Written by: Edith Timothea

Designed by: Fitra Fillian

The accounting profession is in charge of ensuring there is no misrepresentation in financial statements. To ensure accuracy is present, external auditors are involved to review the financial statements. Auditors also examine and evaluate the internal control of an organization that is run by the management to protect their business assets These auditors are usually licensed professionals familiar with the industry who are hired from an outside accounting firm. Meanwhile, the fraud examiners investigate and look for evidence whether a person or company has committed fraud. Auditors and fraud examiners can both work on financial data for their regular duties but their roles are different and it is important to know the differences.

The Roles of Auditor

Auditors determine the financial statements are accurate and without errors. Their main goal is to ensure all of the transactions and activities done by the company  are free from misrepresentation or errors. 

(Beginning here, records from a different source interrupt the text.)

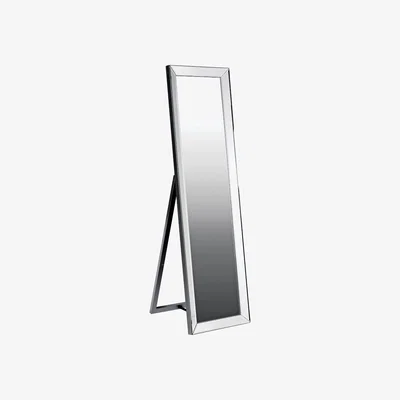 Barker and Stonehouse Bevelled Floor Mirror, Silver Glass | Barker & Stonehouse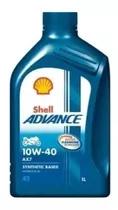 Aceite De Motor Shell Advance 4t Ax7 Base Sintetica 1lt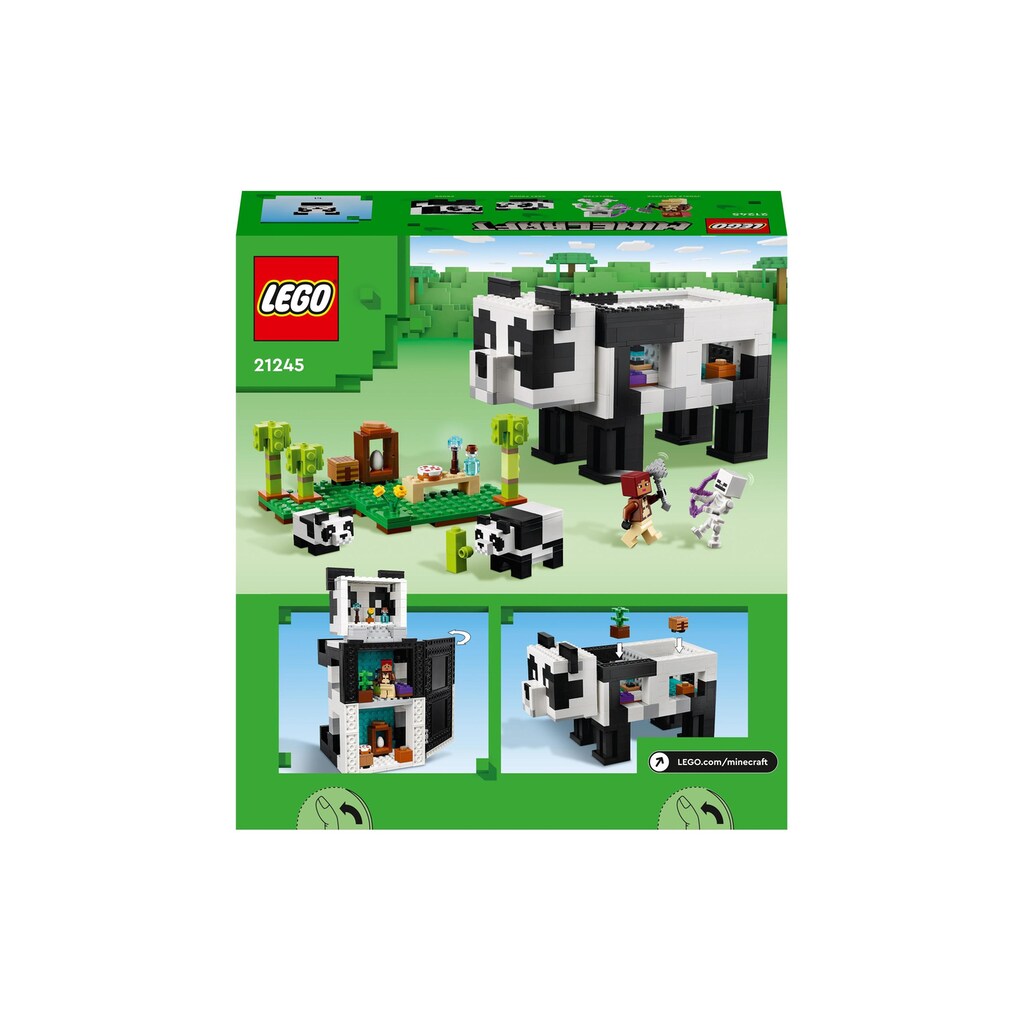 LEGO® Konstruktionsspielsteine »Das Pandahaus«, (553 St.)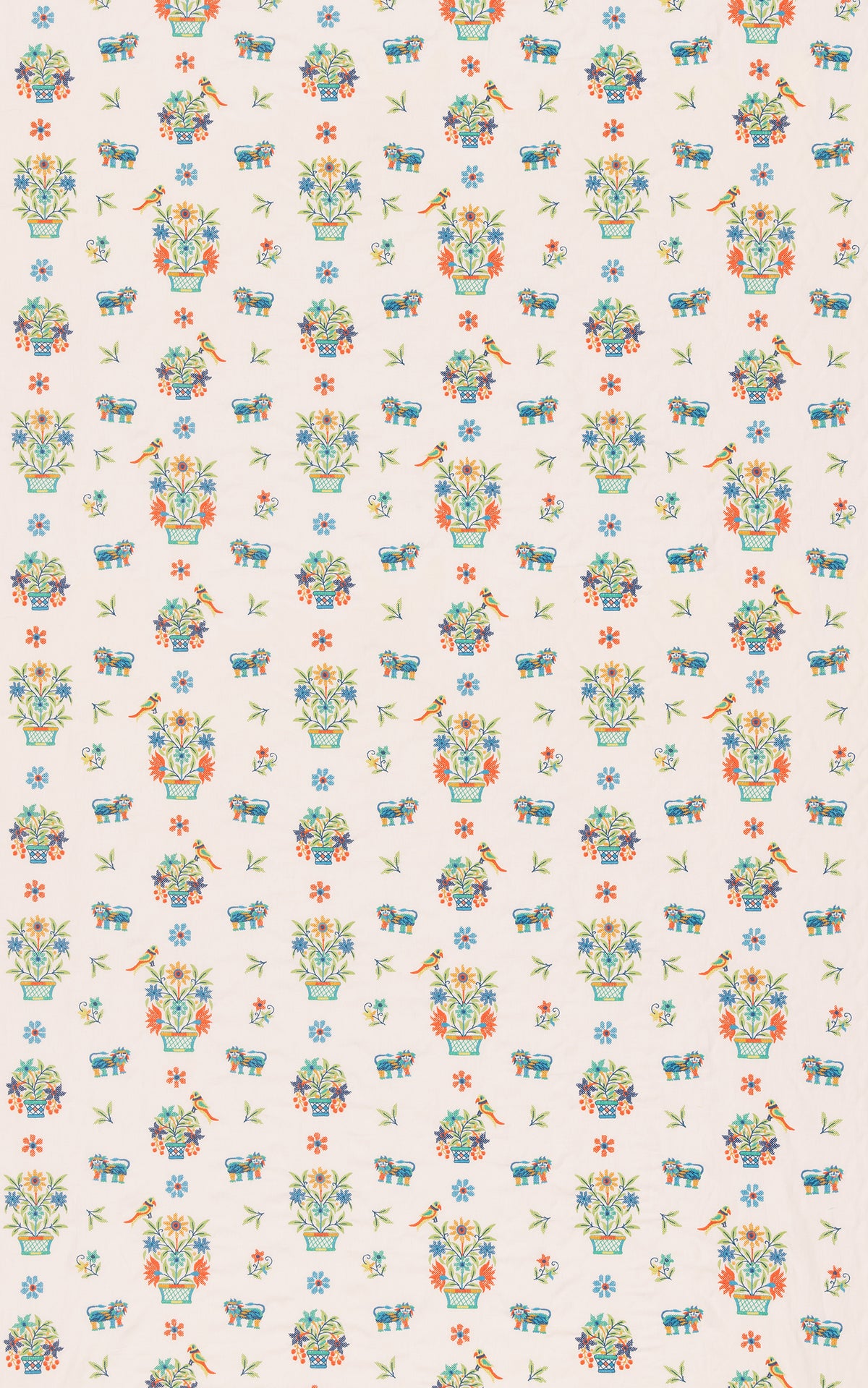 Roar Stitch fabric in Jewel color - pattern number BF11141.1.0 - by G P & J Baker in the Kit Kemp II collection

Auditors also have other duties, such as evaluating the anti-fraud and internal controls over financial statements then give their opinion about management’s assessment of internal controls. However, auditors will not look for fraud—their focus is on the internal controls and financial statement—but if there is a discrepancy upon review of any transactions or samples, they will notify management. Additionally, they should notify management of any red flags that may become evident.

The Roles of Fraud examiner

The basic goal for fraud examinations is to work out whether or not fraud occurred, and if so, who perpetrated it. A particular engagement may, however, have further goals, such as to establish and secure evidence to be used in a criminal or other disciplinary action or to provide proof to recover losses from an insurer (2017 Fraud Examiners Manual). 

Fraud examiners assess the weaknesses in internal controls and locate the perpetrator of the fraud. Their focus is not on a report for shareholders, but on reports of the findings, which can eventually become part of civil or criminal proceedings.

Conclusion of the difference between auditors and fraud examiners while doing their duties:

  • The auditor reviews financial information for accuracy and materiality, while the fraud examiner has a different focus: to determine the fraud and its extent and gather information for the next step.
  • Auditors perform yearly, while fraud examiners act when there is suspected fraud.